ドラマに登場する上陽郡主 王儇とそのモデルになった人物を紹介します。
王儇(おうけん) 周辺の相関図
ヒロイン王儇の人間関係は複雑なので関係者の相関図を載せておきます。
上陽賦の上陽郡主 王儇
声:魏涼子(ぎ りょうこ)
王儇(おう・けん)
幼名:阿嫵(あぶ)。
称号:上陽郡主 → 豫章王妃
名門貴族・琅琊王氏(ろうやおうし)の一族。
家族
母は皇帝の妹の馬瑾若(ば・しじゃく)叔母(父の妹)は王皇后。
伯父(母の兄)は皇帝 馬曜
両親ともに皇帝一家と縁続きの超良血のお嬢様。
上陽郡主(じょうようぐんじゅ)という称号をもらっています。
王儇は皇帝からも可愛がられていました。
第三皇子 馬子澹(ば・したん)は幼なじみで将来結婚したいと思っています。
でも父は皇太子と政略結婚させようとします。宮中の陰謀によって馬子澹と引き離された王儇は蕭綦(しょう・き)と政略結婚することに。
ところが蕭綦は辺境で問題が起きたので出かけてしまい、結婚式をドタキャンしてしまいます。
はじめは蕭綦が気に入らない王儇でしたが誤解も解け。戦乱の世を終わらせたいと願う蕭綦の気持ちを理解して次第に惹かれ合います。
世間知らずな名門貴族のお嬢様でしたが蕭綦との結婚で世の中の現実を知り、蕭綦と力を合わせたくましく生きてゆきます。
王儇(おうけん)のモデル
ドラマの国「大成」のモデルになったのは「東晋」という国。
三国志の時代を統一したのが司馬氏の「晋(西晋)」でした。その晋は内紛や異民族の侵入で滅亡。逃れた王族が再建したのが「東晋」です。
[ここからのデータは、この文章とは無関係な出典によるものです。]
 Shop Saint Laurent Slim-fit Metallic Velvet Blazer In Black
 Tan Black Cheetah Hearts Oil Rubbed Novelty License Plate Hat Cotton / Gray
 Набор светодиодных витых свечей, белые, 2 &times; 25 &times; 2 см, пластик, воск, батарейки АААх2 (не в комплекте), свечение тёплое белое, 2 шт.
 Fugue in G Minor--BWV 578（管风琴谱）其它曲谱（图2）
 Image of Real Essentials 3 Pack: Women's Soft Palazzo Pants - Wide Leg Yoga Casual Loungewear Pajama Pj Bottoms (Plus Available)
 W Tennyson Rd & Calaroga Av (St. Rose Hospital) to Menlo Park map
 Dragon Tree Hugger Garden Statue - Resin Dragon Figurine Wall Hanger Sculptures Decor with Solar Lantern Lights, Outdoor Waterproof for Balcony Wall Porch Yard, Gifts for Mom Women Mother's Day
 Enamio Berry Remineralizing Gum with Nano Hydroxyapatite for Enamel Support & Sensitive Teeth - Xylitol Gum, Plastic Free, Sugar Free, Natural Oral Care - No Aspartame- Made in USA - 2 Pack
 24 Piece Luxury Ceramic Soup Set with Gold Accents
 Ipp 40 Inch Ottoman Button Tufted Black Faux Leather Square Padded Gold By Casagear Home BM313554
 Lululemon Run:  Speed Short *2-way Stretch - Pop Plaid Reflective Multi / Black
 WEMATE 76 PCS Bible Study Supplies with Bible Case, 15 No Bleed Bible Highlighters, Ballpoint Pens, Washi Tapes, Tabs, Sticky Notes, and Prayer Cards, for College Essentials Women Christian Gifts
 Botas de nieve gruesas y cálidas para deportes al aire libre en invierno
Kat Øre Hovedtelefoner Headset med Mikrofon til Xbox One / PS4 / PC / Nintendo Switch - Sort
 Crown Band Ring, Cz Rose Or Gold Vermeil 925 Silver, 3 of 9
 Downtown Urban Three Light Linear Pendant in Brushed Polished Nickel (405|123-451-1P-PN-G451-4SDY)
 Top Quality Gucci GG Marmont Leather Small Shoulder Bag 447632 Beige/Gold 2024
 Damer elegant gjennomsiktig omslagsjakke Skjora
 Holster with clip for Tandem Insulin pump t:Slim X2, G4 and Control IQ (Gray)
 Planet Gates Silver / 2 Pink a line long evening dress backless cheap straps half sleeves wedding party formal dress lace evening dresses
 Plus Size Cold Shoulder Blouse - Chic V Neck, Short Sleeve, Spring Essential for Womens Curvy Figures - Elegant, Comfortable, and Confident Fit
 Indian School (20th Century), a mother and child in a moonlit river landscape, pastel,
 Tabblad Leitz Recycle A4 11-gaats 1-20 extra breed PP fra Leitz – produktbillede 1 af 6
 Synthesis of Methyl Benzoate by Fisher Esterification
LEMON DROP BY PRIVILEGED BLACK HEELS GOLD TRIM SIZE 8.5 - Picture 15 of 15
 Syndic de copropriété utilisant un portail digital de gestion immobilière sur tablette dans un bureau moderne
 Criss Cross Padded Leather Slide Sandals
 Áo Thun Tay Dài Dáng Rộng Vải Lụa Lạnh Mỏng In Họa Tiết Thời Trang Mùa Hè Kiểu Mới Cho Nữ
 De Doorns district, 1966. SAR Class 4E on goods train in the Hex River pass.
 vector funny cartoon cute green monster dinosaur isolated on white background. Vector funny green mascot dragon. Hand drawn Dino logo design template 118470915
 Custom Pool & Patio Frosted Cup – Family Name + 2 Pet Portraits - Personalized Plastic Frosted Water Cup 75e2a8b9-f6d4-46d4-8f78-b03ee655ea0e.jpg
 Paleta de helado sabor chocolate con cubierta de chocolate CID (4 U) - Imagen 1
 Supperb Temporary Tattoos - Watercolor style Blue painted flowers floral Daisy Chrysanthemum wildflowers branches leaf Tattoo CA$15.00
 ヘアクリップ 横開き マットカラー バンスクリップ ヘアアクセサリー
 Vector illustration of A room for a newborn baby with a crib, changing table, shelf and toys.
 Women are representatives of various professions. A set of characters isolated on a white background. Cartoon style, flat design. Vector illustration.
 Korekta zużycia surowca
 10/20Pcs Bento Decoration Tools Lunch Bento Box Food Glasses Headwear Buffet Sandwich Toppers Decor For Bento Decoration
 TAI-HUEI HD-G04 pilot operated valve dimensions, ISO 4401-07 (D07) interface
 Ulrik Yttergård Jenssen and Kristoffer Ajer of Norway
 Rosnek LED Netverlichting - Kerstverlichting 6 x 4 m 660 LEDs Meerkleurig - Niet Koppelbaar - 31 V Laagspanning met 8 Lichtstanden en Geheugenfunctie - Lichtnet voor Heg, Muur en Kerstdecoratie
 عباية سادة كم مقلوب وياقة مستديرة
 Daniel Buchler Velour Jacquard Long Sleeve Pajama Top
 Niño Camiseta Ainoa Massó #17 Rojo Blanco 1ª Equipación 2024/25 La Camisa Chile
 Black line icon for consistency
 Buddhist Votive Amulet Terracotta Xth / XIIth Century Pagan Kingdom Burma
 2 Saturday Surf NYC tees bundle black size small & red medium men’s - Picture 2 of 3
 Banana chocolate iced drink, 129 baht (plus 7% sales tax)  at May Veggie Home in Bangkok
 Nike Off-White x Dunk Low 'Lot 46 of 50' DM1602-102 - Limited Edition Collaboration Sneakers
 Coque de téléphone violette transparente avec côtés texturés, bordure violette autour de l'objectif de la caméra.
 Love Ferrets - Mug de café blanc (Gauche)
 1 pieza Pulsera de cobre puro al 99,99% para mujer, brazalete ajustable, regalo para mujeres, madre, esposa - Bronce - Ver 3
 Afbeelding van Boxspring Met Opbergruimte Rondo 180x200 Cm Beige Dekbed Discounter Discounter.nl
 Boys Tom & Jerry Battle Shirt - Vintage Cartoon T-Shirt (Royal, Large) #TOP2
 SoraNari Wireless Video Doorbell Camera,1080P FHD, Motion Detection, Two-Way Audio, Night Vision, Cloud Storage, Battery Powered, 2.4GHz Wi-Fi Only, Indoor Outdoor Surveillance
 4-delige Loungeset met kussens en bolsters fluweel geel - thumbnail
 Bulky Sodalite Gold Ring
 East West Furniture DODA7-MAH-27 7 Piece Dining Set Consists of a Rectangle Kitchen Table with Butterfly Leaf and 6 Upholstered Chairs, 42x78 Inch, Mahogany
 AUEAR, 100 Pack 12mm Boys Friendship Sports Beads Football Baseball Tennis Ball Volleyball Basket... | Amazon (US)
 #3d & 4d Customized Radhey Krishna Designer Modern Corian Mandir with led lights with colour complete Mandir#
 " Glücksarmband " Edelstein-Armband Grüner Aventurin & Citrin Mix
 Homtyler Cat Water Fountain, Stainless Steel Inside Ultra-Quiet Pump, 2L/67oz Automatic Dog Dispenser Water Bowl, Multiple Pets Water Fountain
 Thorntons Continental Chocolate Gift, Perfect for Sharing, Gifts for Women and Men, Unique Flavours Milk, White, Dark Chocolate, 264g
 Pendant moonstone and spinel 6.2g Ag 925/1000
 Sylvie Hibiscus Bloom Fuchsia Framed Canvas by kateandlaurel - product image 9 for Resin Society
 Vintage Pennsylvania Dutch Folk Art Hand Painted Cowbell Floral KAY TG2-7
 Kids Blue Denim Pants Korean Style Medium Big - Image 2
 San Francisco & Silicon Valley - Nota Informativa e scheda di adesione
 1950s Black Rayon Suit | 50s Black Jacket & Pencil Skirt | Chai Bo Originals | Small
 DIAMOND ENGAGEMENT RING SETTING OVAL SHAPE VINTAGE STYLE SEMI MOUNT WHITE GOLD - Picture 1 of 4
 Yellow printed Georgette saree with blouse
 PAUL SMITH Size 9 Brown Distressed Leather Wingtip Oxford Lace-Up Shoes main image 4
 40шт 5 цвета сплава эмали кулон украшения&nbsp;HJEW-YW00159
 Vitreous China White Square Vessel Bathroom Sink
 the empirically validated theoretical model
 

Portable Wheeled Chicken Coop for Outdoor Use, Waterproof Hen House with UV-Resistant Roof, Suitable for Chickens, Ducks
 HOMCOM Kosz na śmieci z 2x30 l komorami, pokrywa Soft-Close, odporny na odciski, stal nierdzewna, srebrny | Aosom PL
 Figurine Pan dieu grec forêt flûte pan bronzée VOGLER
モデルその1:宋武帝 劉裕の正室 臧 愛親(ぞう・あいしん)
その東晋時代の末期に活躍して「宋(劉宋)」を建国したのが武帝 劉裕(りゅう・ゆう)。
ドラマで王儇と結婚するのが蕭綦(しょう・き)。蕭綦のモデルが劉裕です。
じゃあ劉裕の妻が王儇のモデル?となりますよね。
劉裕の正室は 臧 愛親(ぞう・あいしん)。
臧 愛親は東晋の役人・臧俊の娘。劉裕が東晋の軍人として反乱軍と戦っていた時代に結婚しています。臧氏は地方の役人ですから名門ではありません。一族も高い地位には就いていません。
劉裕が宋(劉宋)の皇帝になる前に死亡したので臧 愛親は皇后にはなってません。死後「武敬皇后」の称号が送られています。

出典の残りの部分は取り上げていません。